The original play ran for 104 performances in the 1934-35 season and was the vehicle that made Henry Fonda a star. In fact producer Walter Wanger took the highly unusual step in bringing Fonda to Hollywood to star in the role that made him. Playing the parts that Betty Grable and John Carroll have in this version are Janet Gaynor and Charles Bickford.
Of course with this being changed to a musical and the billing reflecting it, the emphasis was changed from the male to the female lead. Seeing Dale Robertson as Dan Harrow though, he makes an admirable substitute for Fonda.
Too bad that Harold Arlen and Dorothy Fields didn't write anything memorable in the score. And for the life of me I can't figure why John Carroll who does sing well, wasn't given more to do musically.
The story is an old fashioned rustic one set during the final days of the Erie Canal.
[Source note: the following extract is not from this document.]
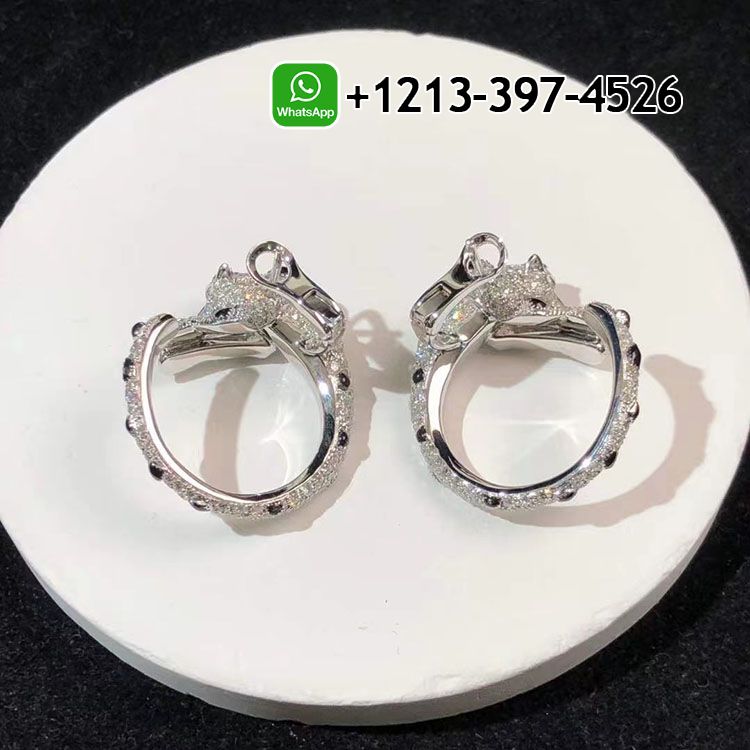gnlotfilomv Custom Made Best Quality 1:1 Cheap Cartier 18k White Gold Pave Diamond Panthère de Cartier Earrings - High Quality 18k Gold and Diamond Luxury Distinctive Collection Designer Jewelry Customized Factory Price - Image 6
Everyone but Betty seems to realize the railroad will eventually put the canal out of business as the major venue of transportation. Still she and soft spoken farmer Robertson do eventually come together as Robertson wins her over Carroll who is a real lout in this film. I can readily see Charles Bickford in that part in the first film version.
At the same time Betty was doing this, Doris Day was doing Calamity Jane over at Warner Brothers in a similar role with much better songs. Maybe with a better score, The Farmer Takes A Wife would have been more memorable.
Still I think it would have needed Doris Day.